The Andes are the world’s longest mountain range, running along the entire western part of the continent of South America, roughly parallel to the Pacific coast. It is the second-highest mountain range, next to the Himalayas in Nepal and Tibet. Steep, dizzying roads bend like wide slalom runs up and down mountainsides, often without safety barriers, and are used by heavy trucks as well as smaller vehicles and even tourist coaches. Though dangerous, these important roads link local communities year-round and ensure that cross-border traffic and trade remain viable.

MicroElect has developed and is delivering a GNSS-based system that helps guide large snowplows that are critical to keeping mountain roads open and safe during the harsh Andean winters. “The client is Vialidad Nacional, which is the national agency commissioned to carry out route maintenance in Argentina,” Spagnoli said. “They essentially needed a truck that has the ability to sweep snow, apply salt on the road, and drive the truck on the road. In the end, it is not so different from a tractor, which must steer very precisely, while spraying and applying fertilizer and such things, at specific moments. Our system is capable of doing all of these operations. We have it all in one package.”

By all accounts, Vialidad Nacional is very happy with the system. The snowplows are running and the roads are safe and open.

Correction Certainty

“For the snowplow application, the GNSS module is a critical part in the system,” Spagnoli said, “because on many occasions during the work the driver cannot see the road or signs, so they have to rely on the monitor screen to follow the road, which in many cases is at the edge of a precipice. So the location, navigation and guidance systems must be accurate and reliable.”
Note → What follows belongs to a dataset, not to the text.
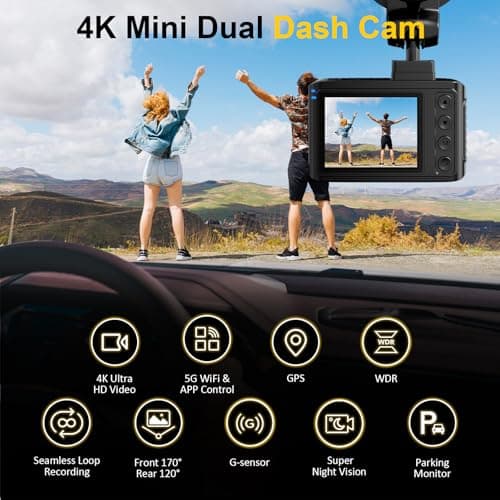 Dash Cam Front and Rear: 4K+2.5K Dual Channel Dash Cam-5GHz WiFi, GPS Dash Camera for Cars with 64GB Card, 2.0" IPS Screen, App Control,G-Sensor,Loop Recording,170°Wide Angle,Night Vision,Parking Mode - Thumbnail 3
Ballarotti said, “In addition to our NovAtel SMART antenna model SMART7, the MicroElect snowplows are benefiting from the TerraStar-L™ correction service. Most of us already know there are a number of factors that can affect the accuracy of a GNSS system. We can have multipath, ionospheric interference, clock errors and others. Without any correction service, the best accuracy we currently see is about sub-metric, but our customers need centimeter-level accuracy, and it needs to be repeatable, meaning they need to be able to go back to the same point in the future and match it. So TerraStar can mitigate these errors and provide up to 2.5-centimeter (RMS) accuracy, using the TerraStar-C PRO service. In the case of MicroElect, they use TerraStar-L, which has 15-centimeter pass-to-pass accuracy, which is perfectly sufficient for this kind of application.”

“We have worked with TerraStar corrections for many years,” Spagnoli said, “and we know that the error is within the specified parameters, and this is one of the things that has
allowed us to use and trust this technology for such a critical application. To us, TerraStar is very much a part of the complete NovAtel solution that we then pass on to our customers.”

Farther, Higher

GNSS applications are wide and varied. The needs and uses are real, and when it comes to precision location and guidance, NovAtel is delivering the goods.

“The standard use of NovAtel and TerraStar products in Latin America is basically for positioning agricultural machines working in fields among cereal crops,” Ballarotti said, "and this sort of thing is well suited for automated systems such as MicroElect’s self-steering technologies.

“On the other hand, this new snowplow application is really quite different and interesting. What MicroElect is doing in the Andes Mountains is a great illustration of the diverse, far away and unimaginable applications for high-precision GNSS that are still to be discovered.”